I am confused about the difference between R square and adjusted R square. I’ve 11% R square and 2% adjusted R square of my model. I’ve one dependent and two independent variables in my model. How I can interpret and differentiate R square and adjusted R square for my model?
The problem with R square is that it’s biased upwards as a population estimate. Imagine that the true (population) correlation is exactly zero. Now sample data from that population. You won’t get a correlation of zero – you’ll sometimes get a correlation that’s positive (too high) and sometimes negative (too low). However, if you were to sample lots of times, on average you would get a correlation of zero. So the correlation is an unbiased estimate of the population correlation.

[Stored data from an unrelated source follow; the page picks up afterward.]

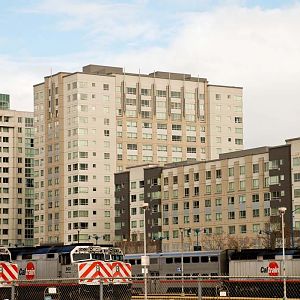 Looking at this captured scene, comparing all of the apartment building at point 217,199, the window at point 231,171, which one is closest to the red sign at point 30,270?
the apartment building at point 217,199

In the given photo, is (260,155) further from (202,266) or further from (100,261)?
(100,261)

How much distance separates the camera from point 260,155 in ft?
534

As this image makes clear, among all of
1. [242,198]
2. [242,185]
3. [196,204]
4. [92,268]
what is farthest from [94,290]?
[196,204]

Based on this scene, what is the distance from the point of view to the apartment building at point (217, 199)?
15588 cm

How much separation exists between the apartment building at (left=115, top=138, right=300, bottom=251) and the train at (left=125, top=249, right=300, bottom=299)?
54870 mm

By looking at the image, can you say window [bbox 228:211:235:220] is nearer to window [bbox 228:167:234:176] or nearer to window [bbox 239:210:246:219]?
window [bbox 239:210:246:219]

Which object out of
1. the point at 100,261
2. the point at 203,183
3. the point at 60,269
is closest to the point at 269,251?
the point at 60,269

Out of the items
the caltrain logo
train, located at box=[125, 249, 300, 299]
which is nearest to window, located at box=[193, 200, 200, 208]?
train, located at box=[125, 249, 300, 299]

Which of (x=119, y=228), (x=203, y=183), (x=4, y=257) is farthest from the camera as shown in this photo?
(x=119, y=228)

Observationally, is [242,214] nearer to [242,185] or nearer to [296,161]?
[242,185]

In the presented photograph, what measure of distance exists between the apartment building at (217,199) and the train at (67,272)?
90.6 meters

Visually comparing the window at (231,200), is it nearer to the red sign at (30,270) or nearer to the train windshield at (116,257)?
the red sign at (30,270)

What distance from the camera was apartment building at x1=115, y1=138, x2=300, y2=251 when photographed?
15588 centimetres

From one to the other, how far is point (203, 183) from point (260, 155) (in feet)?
53.7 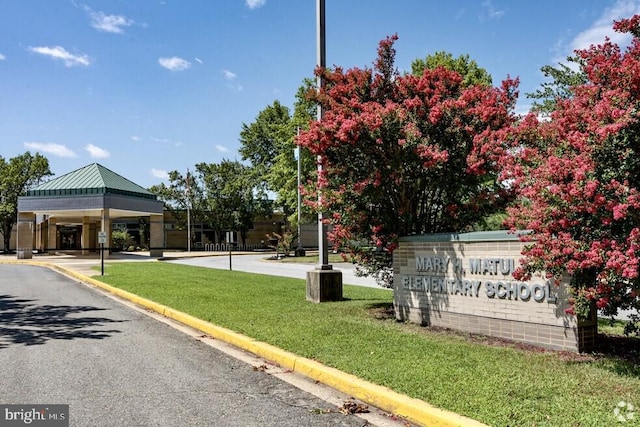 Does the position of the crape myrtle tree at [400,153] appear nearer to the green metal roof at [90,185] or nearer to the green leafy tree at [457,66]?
the green leafy tree at [457,66]

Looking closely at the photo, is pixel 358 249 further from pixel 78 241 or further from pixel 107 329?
Result: pixel 78 241

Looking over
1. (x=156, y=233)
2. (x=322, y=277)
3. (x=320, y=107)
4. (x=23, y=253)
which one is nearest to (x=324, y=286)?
(x=322, y=277)

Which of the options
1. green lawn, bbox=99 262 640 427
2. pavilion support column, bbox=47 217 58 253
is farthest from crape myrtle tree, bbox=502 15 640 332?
pavilion support column, bbox=47 217 58 253

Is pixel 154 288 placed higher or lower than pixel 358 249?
lower

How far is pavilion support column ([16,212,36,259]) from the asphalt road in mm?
35307

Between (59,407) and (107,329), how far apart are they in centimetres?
487

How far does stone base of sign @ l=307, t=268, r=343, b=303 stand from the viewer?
12211 mm

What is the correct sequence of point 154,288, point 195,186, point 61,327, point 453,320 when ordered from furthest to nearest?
point 195,186
point 154,288
point 61,327
point 453,320

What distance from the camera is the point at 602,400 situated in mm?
4801

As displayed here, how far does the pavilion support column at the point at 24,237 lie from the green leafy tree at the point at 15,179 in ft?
49.1

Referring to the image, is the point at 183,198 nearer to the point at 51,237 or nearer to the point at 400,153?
the point at 51,237

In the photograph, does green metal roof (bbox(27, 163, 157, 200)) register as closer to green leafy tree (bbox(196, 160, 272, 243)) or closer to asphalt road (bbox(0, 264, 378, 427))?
green leafy tree (bbox(196, 160, 272, 243))

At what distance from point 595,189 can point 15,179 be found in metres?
62.4

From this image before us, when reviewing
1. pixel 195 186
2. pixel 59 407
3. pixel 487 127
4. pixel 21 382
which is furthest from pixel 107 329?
pixel 195 186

If the population correlation is 0, then the population R-squared is also zero. But what happens when we sample and get a positive correlation? We get a positive R-squared. And if we sample and get a negative correlation, we square that to get R-squared. So, on average, the R-squared is positive when the true R-squared is zero. Hence R-squared is biased.
To remove this bias, you can use adjusted R-squared. This makes R-squared smaller, and the effect is larger when you have more variables, and smaller when you have fewer people. If you only have two predictor variables, and R-squared is going down that much , you don’t have many predictors.
Use R-squared for R-squared. Don’t worry about adjusted R-squared, unless you’re going to do precise prediction.